With all that has been said, there is, nonetheless, another aspect of prayer, briefly mentioned throughout, which must be acknowledged a bit further. This is the concept of communal prayer, for it connects us to the sacraments, such as in the celebration of the eucharist (which will be our main example here of communal prayer). What we have described about prayer is especially true about the sacraments. They are a means of grace given to us; if and when we open ourselves up to them, they are actively transforming us beyond our own abilities, as Dumitru Staniloae suggests:

The sacraments themselves do not give us graces of a static kind, virtues or benefits which are limited and kept carefully enclosed within their present borders so that we can show them to God on the day of judgment neatly preserved, like the unproductive talent in the Gospel parable. The sacraments have a prophetic character, a ‘sacramental prophetisim’ as the Reformed theologian von Allmen puts it, perhaps in a too exclusively eschatological sense. They give us powers which have to be developed and which are meant to lead us towards final perfection by ever more advanced spiritual stages.[1]

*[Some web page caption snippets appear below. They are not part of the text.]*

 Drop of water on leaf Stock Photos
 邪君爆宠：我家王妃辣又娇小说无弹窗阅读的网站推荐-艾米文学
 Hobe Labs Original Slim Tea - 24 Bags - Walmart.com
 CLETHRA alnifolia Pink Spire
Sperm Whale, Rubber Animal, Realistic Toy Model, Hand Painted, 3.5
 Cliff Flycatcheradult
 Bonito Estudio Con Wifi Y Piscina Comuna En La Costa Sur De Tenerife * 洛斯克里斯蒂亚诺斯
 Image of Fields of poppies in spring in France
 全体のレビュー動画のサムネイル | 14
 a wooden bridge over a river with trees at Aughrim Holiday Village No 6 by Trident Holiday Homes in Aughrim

What we find in the celebration of the eucharist (and the other sacraments) is that prayer does not have to be, and is not meant to be, limited to mere individualistic practices, where prayer is done by an individual without connection to anyone else. Rather, prayer is to be done by a person who understands that their existence as a person is relational, and their existence is interdependent upon others. God’s grace can work in through others to reach us, such as in the sacrament of confession, though of course, we must still open ourselves up and accept that grace, and recognize it when God is indeed working through others.[2] As we see in the Trinity, the way we are to communicate and relate to each other is by love, where we give ourselves to others without concern of the individuated self. The goal is unity in the body of Christ, the Church, Divine-Humanity, where we maintain our personal differences and yet share with each other our unique traits as gifts of love. We truly enter into communion with each other as we communicate with God.  Thus John D. Zizioulas says, “The mystery of being a person lies in the fact that here otherness and communion are not in contradiction but coincide. Truth as communion does not lead to the dissolving of the diversity of beings into one vast ocean of being, but to the affirmation of the otherness in and through love.”[3] This is possible not only because we share a common nature, but because we are incorporated into Christ through the Holy Spirit.

The liturgical celebration of the eucharist is a special and central kind of prayer. It is given to us by Jesus, who has given us promises of extraordinary graces if we follow through and participate in it. As Fr. Robert Taft writers, “Sacrament, that is, liturgy, is the existential, common expression of God’s self-giving in Christ. It is a theophany, a breaking into the ordinary of an extraordinary manifestation of Christ as being-in-his-Body, the Church. It makes the inner experience of the life of faith transparent, visible.” [4] We must remember, God has revealed himself to us in the incarnation, and as such, he has also prepared us for communion with him, communication with him, but communicating to us his express desires in and through Jesus, who is himself the Word of God made flesh. Thus, just as we might learn from our parents table manners, so we know that if we want to receive salt at the table, we ask someone to pass for it. Likewise, we have been taught and guaranteed that if we follow Jesus’ example at his table, the Last Supper, we will be participating in the gift of his body and blood, so that we can be united in him. In this way, we are to become his body on earth. This participation in Christ, in the bread of life, is what confirms upon us eternal existence. Our life is given to us by God, but the proper mode of that life, where it truly is as life, spiritual life, is in communion with God, and this communion is promised to us by Christ himself:

The identification of existence with life through the idea of immortality and incorruptibility will lead naturally into trinitarian theology. If incorruptibility is possible only in and through communion with the life of God Himself, creation or being can exist and live only insofar as the source of being — God– is Himself life and communion. The eucharistic experience implies that life is imparted and actualized only in an event of communion, and thus creation and existence in general can be founded only upon this living God of communion.[5]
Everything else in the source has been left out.